7 Ways To Balance Work And Raising A Child With Autism From A Mom Who Did It

It’s common for moms of young kids with autism to share their stories. But those babies grow up into teens and adults living with autism, and parents experience new struggles. Educator Christine Weiss knows this firsthand. Her son, Marston, is 27 years old, and she recently shared her journey — documented in her memoir, Educating Marston: A Mother and Son’s Journey Through Autism — with LittleThings.

“At the time of Marston’s diagnosis, the rate of autism was approximately 1/1000, and in the 1950s/60s it was approximately 1/10,000, so there was not the information there is today,” she explains. “No Google. No internet.

The incident of autism today is 1/44 or 1/27 boys. This is a devastating statistic.”

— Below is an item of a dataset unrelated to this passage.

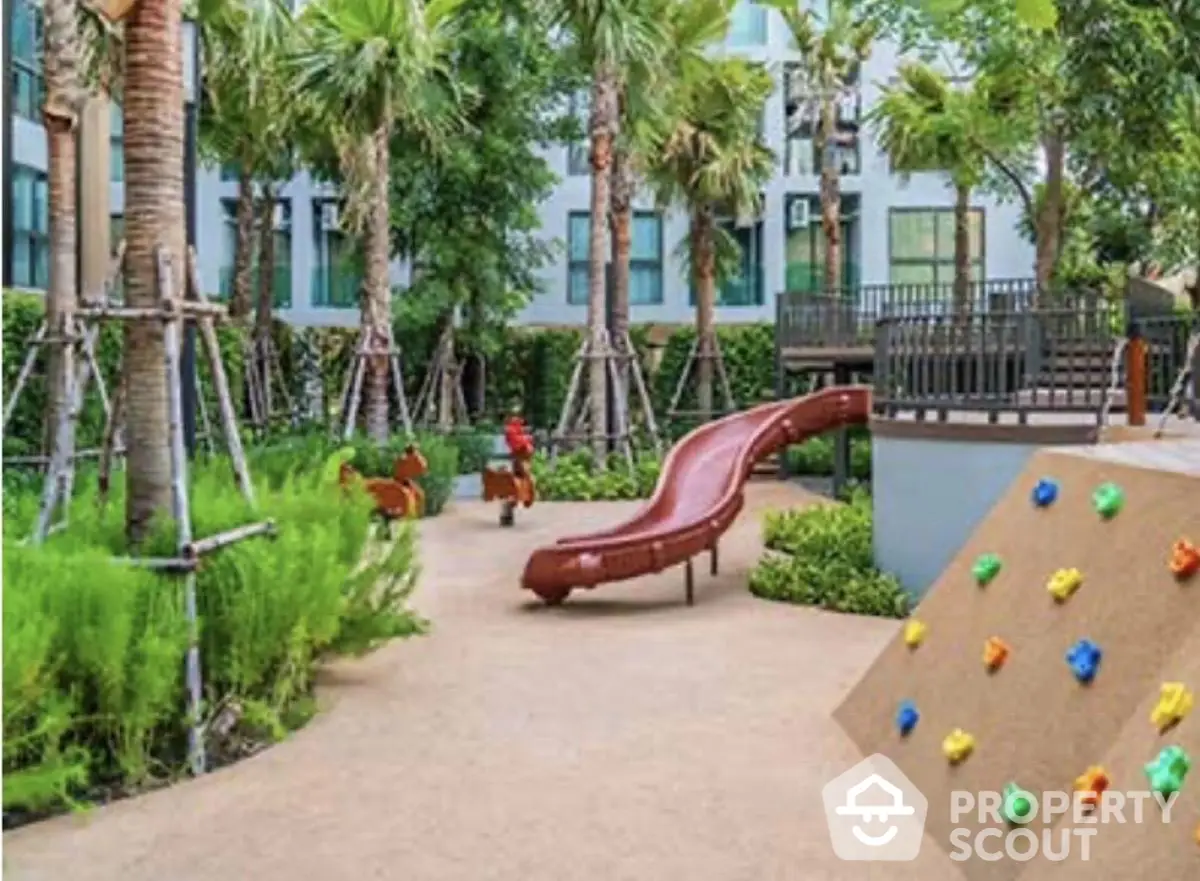 Beautiful garden playground with slide and climbing wall in modern residential complex.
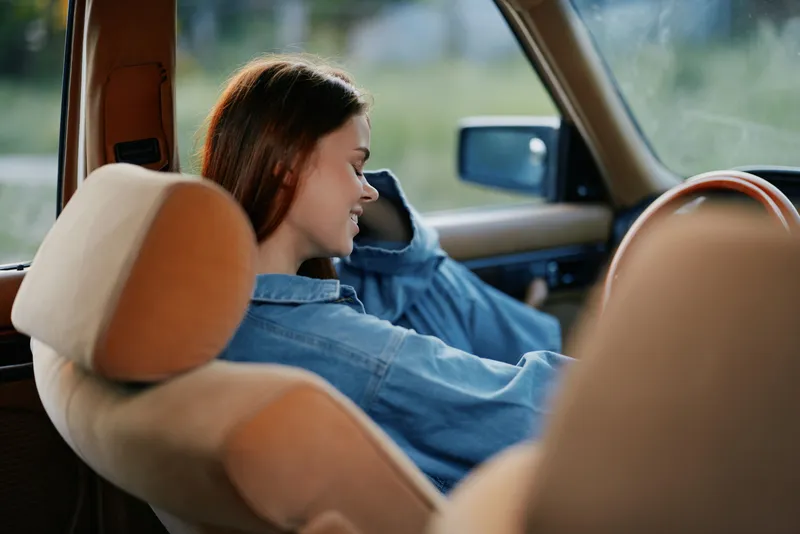 A young woman in casual denim clothing enjoys a relaxed moment in a vintage car, embodying a carefree summer vibe with a serene expression.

That’s exactly how Weiss and her husband, Eric Weiss, felt when they initially reacted to Marston’s diagnosis. “We were devastated, confused, and quite frankly overwhelmed,” she admits. “We discovered Marston had a diagnosis of autism when we made an appointment with a pediatric neurologist for an evaluation.

Marston at the time was missing many important milestones, and we could not understand the problem.”

She elaborates, “Everyone experiences happiness and sorrow, anger, joy, fear, surprise, loneliness. Kids on the spectrum feel just as deeply, but they often sound different, have more issues with confidence, and they don’t know what comes after ‘hi,’ making their ability to focus and succeed in social situations hard. With Marston, I’d start every morning believing today was the day he was going to look into my eyes and want me.

He’d reach for me, and smile for the first time. Walk. He’d say, ‘Mama,’ ‘Daddy,’ or even ‘ball.’”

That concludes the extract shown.